The text and pictures of this article are from the Internet, only for learning and communication, and do not have any commercial use. The copyright belongs to the original author. If you have any questions, please contact us in time
The following article is from Tencent cloud by Yu Liang
In this article, we will introduce some Python libraries for data science, which are not as well-known as panda, scikit learn, and Matplotlib, but they are also very practical. Welcome to the comments section~
Extracting data, especially from the Internet, is one of the main tasks of data scientists. WGet is a free utility for non interactive file downloads from the web. It supports HTTP, HTTPS and FTP protocols, as well as retrieval through HTTP proxy. Because it is non interactive, it can run in the background even if the user is not logged in. So if you need to download all the pictures from a website or page, WGet can help you
$ pip install wget
import wget url = http://www.futurecrew.com/skaven/song_files/mp3/razorback.mp3 filename = wget.download(url) 100% [................................................] 3841532 / 3841532 filename razorback.mp3
If you’re still bothered with the time and date processing in Python, you need to use the pendulum. It is a python package to simplify datetime operations. It is a temporary replacement for Python native classes.
$ pip install pendulum
import pendulum dt_toronto = pendulum.datetime(2012, 1, 1, tz= America/Toronto ) dt_vancouver = pendulum.datetime(2012, 1, 1, tz= America/Vancouver ) print(dt_vancouver.diff(dt_toronto).in_hours()) 3
Most classification algorithms are the most effective when the number of samples of each class is almost the same, but in practice, most of them are unbalanced data sets, which may affect the learning stage and subsequent prediction of machine learning algorithm. Fortunately, creating imbalance – learn library can solve this problem. It is compatible with scikit learning and is a part of scikit learning contrib project. Next time you encounter an unbalanced data set, don’t forget it.

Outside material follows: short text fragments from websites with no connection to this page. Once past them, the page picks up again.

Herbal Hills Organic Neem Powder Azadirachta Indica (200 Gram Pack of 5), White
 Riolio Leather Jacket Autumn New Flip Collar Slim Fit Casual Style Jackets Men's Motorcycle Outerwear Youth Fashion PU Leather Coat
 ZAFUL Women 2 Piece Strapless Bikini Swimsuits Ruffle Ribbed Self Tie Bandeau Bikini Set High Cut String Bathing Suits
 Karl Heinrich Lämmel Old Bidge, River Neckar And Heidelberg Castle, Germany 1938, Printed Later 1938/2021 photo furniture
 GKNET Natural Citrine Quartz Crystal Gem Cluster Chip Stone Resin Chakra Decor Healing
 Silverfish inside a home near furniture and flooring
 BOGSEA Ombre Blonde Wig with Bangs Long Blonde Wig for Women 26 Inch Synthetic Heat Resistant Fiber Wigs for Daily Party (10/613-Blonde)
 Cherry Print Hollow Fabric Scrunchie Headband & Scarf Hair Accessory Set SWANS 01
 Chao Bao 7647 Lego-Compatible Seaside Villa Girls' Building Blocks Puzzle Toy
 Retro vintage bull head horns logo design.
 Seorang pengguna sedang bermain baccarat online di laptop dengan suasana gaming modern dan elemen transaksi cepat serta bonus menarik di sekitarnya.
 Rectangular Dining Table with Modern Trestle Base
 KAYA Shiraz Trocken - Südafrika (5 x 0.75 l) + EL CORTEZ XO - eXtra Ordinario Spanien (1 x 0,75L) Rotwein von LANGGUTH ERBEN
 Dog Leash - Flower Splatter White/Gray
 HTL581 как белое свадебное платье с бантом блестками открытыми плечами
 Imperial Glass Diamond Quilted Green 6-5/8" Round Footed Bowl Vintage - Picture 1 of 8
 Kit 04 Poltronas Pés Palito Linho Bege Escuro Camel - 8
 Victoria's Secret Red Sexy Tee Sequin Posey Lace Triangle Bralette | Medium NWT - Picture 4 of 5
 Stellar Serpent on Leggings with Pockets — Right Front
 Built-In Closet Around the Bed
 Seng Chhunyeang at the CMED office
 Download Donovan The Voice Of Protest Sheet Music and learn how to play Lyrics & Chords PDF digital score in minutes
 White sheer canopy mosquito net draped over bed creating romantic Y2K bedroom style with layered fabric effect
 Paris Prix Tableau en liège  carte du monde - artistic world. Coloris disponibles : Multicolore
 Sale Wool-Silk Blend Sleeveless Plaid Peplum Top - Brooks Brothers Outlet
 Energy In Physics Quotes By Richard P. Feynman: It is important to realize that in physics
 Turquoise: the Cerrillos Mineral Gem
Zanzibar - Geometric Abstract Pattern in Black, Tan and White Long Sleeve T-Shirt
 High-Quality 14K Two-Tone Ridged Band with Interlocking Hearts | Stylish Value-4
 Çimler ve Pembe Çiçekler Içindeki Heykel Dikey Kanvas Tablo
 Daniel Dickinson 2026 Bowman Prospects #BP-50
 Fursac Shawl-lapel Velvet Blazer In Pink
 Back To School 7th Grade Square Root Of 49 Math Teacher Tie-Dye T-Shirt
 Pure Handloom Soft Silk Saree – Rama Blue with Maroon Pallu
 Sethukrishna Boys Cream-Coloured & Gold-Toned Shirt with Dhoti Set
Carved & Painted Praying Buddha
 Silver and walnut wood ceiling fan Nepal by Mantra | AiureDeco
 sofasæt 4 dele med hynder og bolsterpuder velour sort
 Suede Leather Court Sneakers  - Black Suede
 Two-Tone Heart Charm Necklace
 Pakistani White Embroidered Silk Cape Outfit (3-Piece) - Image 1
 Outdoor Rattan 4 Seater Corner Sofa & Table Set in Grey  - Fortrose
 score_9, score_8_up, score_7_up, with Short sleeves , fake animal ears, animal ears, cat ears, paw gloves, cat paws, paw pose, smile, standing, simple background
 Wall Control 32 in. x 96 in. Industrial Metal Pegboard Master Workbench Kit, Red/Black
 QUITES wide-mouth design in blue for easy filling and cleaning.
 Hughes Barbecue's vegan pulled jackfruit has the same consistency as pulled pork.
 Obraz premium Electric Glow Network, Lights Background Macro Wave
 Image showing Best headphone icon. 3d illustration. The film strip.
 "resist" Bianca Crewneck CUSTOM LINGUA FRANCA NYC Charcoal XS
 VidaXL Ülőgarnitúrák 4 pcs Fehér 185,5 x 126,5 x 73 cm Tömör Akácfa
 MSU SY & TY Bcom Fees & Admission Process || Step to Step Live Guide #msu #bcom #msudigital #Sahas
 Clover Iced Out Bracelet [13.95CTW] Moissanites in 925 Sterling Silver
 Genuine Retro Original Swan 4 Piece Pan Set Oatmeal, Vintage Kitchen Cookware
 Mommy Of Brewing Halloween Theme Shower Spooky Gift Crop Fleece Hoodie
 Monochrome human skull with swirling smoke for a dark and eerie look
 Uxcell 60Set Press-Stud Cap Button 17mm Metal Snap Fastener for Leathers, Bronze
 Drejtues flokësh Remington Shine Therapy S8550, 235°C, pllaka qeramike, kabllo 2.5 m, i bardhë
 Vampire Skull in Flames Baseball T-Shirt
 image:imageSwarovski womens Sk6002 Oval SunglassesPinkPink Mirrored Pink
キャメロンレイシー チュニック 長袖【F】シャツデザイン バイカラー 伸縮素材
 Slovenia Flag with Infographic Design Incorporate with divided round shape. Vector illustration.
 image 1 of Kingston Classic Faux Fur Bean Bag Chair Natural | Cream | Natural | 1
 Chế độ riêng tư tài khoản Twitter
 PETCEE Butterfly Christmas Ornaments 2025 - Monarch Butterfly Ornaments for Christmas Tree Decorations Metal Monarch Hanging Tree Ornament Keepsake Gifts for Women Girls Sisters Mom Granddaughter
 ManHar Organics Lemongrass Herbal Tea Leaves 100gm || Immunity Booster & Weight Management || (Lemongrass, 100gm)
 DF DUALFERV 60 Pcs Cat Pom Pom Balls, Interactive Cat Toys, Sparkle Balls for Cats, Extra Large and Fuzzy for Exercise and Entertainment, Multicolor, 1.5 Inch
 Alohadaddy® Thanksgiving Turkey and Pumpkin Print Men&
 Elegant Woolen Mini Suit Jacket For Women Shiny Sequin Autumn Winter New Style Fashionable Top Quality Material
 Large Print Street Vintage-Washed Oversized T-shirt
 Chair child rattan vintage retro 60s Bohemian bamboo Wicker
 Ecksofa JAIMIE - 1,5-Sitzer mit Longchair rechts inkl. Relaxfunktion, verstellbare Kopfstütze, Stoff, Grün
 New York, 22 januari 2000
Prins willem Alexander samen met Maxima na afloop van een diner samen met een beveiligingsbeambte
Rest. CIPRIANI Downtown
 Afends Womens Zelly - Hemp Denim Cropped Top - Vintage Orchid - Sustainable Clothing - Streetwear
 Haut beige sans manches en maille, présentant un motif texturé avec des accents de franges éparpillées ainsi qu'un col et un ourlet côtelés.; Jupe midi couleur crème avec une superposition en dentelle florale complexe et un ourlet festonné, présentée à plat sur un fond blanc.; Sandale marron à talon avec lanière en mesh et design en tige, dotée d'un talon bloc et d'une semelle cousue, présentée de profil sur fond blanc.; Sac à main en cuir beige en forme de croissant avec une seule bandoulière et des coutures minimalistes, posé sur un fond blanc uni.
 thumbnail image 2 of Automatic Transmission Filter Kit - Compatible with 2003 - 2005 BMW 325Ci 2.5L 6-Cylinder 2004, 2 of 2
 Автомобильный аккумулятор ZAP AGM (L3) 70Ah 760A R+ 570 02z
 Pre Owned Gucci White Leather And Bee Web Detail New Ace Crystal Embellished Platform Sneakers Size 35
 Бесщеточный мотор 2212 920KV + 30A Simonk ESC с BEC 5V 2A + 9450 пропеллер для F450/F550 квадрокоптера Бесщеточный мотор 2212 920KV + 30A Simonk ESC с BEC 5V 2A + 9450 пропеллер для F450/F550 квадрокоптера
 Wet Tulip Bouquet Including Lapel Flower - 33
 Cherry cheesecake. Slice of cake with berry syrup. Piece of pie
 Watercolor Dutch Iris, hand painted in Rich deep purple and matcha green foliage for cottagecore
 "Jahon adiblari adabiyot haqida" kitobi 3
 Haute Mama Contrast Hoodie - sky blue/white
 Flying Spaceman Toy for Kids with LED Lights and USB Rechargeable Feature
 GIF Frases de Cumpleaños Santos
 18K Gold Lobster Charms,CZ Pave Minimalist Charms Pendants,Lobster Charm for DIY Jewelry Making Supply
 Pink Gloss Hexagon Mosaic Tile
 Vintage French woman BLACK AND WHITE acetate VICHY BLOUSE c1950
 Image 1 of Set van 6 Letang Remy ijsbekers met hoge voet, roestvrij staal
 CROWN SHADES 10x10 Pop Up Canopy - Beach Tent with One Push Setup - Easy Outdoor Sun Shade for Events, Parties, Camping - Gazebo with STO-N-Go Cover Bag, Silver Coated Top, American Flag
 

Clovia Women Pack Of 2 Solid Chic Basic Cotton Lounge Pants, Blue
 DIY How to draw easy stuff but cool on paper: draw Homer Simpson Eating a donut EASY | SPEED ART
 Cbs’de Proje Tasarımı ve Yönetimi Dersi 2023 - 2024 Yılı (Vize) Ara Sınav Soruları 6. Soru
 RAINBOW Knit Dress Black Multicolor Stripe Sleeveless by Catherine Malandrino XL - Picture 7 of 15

pip install -U imbalanced-learn # or conda install -c conda-forge imbalanced-learn
In natural language processing (NLP) tasks, it is usually necessary to replace keywords or extract keywords from sentences to clean up text data. Usually, such operations can be done with regular expressions, but if the search vocabulary reaches thousands, then these operations will become very cumbersome.
Python’s flashtext module is based on the flashtext algorithm, which provides a suitable alternative for this situation. The best thing about flashtext is that it doesn’t work with your search volume.
$ pip install flashtext
1) Key words extraction
from flashtext import KeywordProcessor keyword_processor = KeywordProcessor() # keyword_processor.add_keyword(, ) keyword_processor.add_keyword( Big Apple , New York ) keyword_processor.add_keyword( Bay Area ) keywords_found = keyword_processor.extract_keywords( I love Big Apple and Bay Area. ) keywords_found [ New York , Bay Area ]
2) Alternative keywords
keyword_processor.add_keyword( New Delhi , NCR region ) new_sentence = keyword_processor.replace_keywords( I love Big Apple and new delhi. ) new_sentence I love New York and NCR region.
This name sounds strange, but fuzzywuzzy is a very useful library for string matching. It can easily achieve string matching rate and other operations. It can also easily match records stored in different databases.
$ pip install fuzzywuzzy
from fuzzywuzzy import fuzz from fuzzywuzzy import process # Simple Ratio fuzz.ratio("this is a test", "this is a test!") 97 # Partial Ratio fuzz.partial_ratio("this is a test", "this is a test!") 100
Time series analysis is one of the most common problems in machine learning. Pyflux is an open source library in Python, which is built to deal with time series problems. The library has a series of excellent modern time series models, such as Arima, GARCH and VaR models. In short, pyflux provides a probabilistic method for time series modeling.
pip install pyflux
A very important part of data science is the exchange of results. Visualization of results can give you a huge advantage. Ipyvolume is a python library for visualizing 3D capacity and symbols (such as 3D scatter diagrams) in jupyter notebooks with a small amount of configuration.
Using pip $ pip install ipyvolume Conda/Anaconda $ conda install -c conda-forge ipyvolume
pip install dash==0.29.0 # The core dash backend pip install dash-html-components==0.13.2 # HTML components pip install dash-core-components==0.36.0 # Supercharged components pip install dash-table==3.1.3 # Interactive DataTable component (new!)
The following example shows a highly interactive graph with drop-down functionality. When the user selects a value from the drop-down menu, the application code dynamically exports the data from Google Finance to Panda dataframe.
Gym is a tool for developing and comparing reinforcement learning algorithms. It is compatible with any data science library, such as tensorflow or theano. It’s a set of test problems, also called environments, that you can use to compute reinforcement learning algorithms. These environments have a shared interface that allows users to write general algorithms.
pip install gym
The following example will run 1000 times in the cartpole-v0 environment, rendering the environment at each step.